→ Exercise data:
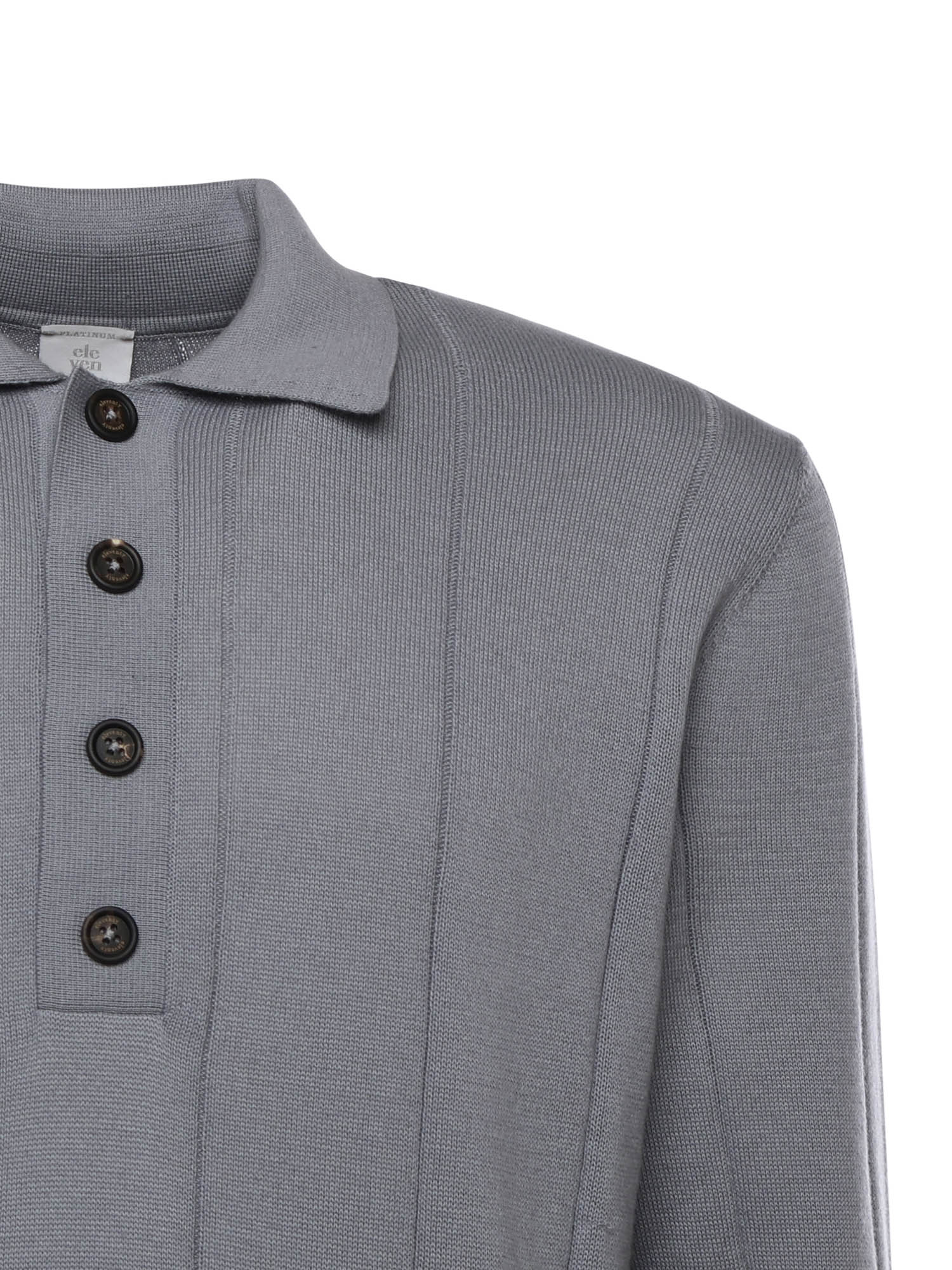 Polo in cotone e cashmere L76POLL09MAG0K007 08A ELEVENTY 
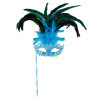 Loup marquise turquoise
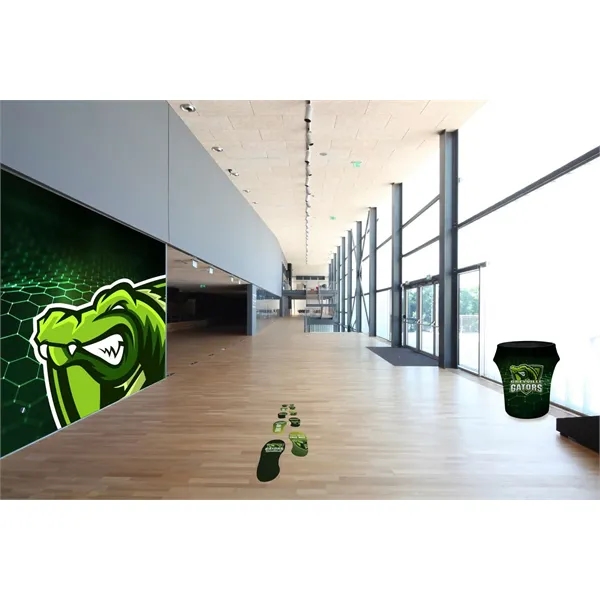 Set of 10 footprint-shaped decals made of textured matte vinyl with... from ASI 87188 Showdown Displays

→ What is required: Reproduce, exactly and with no pictures, the lines from the line containing "Loup marquise turquoise" through the closing line of the data above, keeping both ends.

→ Your solution:
 Loup marquise turquoise
 Set of 10 footprint-shaped decals made of textured matte vinyl with... from ASI 87188 Showdown Displays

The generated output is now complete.